As someone who has had control over his band’s output for many years, I ask him if the transition to making music for other people’s vision has been tough. “I don’t see them as being that different actually. Above all I enjoy collaboration. With Yeah Yeah Yeahs the underlying principle at my end is just: will Karen like this? It has to be something that she is going to respond to – she’s not going to sing to something that doesn’t move her. The band comes from a place of back and forth collaboration – that’s where I like to be. I like getting feedback from someone else; I like working towards someone else’s vision.”
Zinner also seems to have tapped into a place in which his creative pursuits feel unbound in this world. “I was reading a piece with Clint Mansell a few years ago and he was talking about how he would just sequester himself away with the script until he found the sonic world of it,” he says. “I took that route with Knives and Skin and spent a few weeks in the studio with the script and came up with 40 or so two-minute sketches to see what Jennifer [Reed] would respond to. It’s a really exciting two-fold process because at my end it’s just pure exploration with your creations and innovations; an anything goes situation. It doesn’t even matter if the answer to something is no, it’s just about that moment of pure creation.”

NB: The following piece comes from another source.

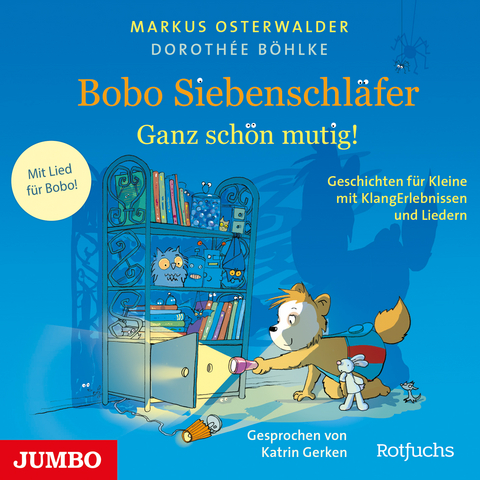 Bobo Siebenschläfer. Ganz schön mutig! - Dorothée Böhlke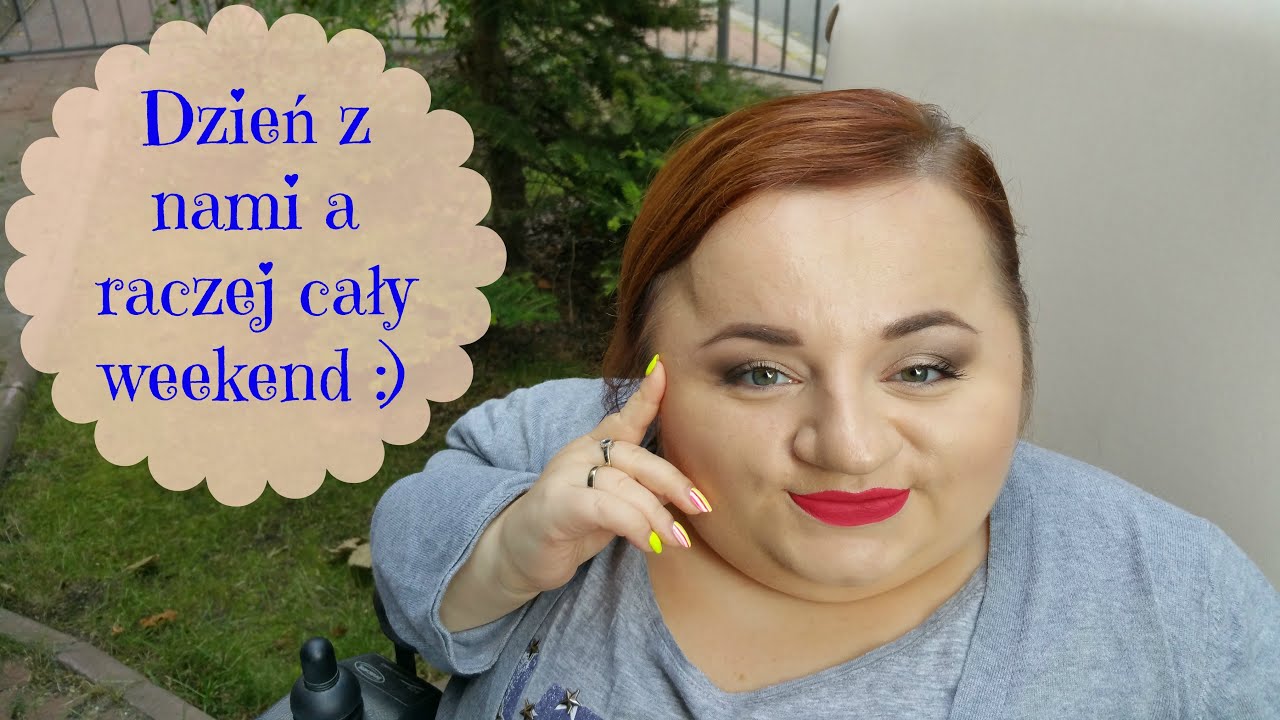 Dzień z nami a raczej cały weekend :)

There’s already more momentum to this pursuit too, with Zinner currently soundtracking a documentary on the OxyContin epidemic in America. “I would just like to keep doing more and more scores and have them be completely different from one another,” he says. “I really benefit from starting with a blank canvas to get into a new sonic world. Starting from scratch is the best way to be for me. With film scores, that’s where I am most comfortable. I’m happy to just see how things unfold.”
Nick Zinner picks five of his favourite film scores
Dir: Jim Jarmusch
Score by Neil Young
The first time I saw that film, I was like, ‘really, can you do this?’. It’s fucking amazing. It was this super mind-bending thing. The music fits so perfectly and it’s kind of like, fuck, why hasn’t anyone else done this? I can’t imagine that film with any other kind of score, it is just perfect. The thing with Jim Jarmusch’s films is that in principle it’s all so simple but it rides this wave across all kinds of different classifications, feelings and moods. It moves between all of these things so well – it’s a beautiful balancing act. I watch that film at least once every year or so. I saw it when it came out and I was in high school. I remember just sitting to watch it and thinking, ‘damn Neil Young is awesome.’ I don’t think it had actually occurred to me up until then. It was around this time I was also getting into Ennio Morricone, the Birthday Party and their guitar player Rowland S. Howard. There was a common thread between the guitar style of all those three for me. I probably hadn’t been exposed to that kind of guitar playing before; I was really into metal as a kid growing up. So that haunting, spare, slightly spaghetti western vibe, I don’t think I had ever heard anything like it.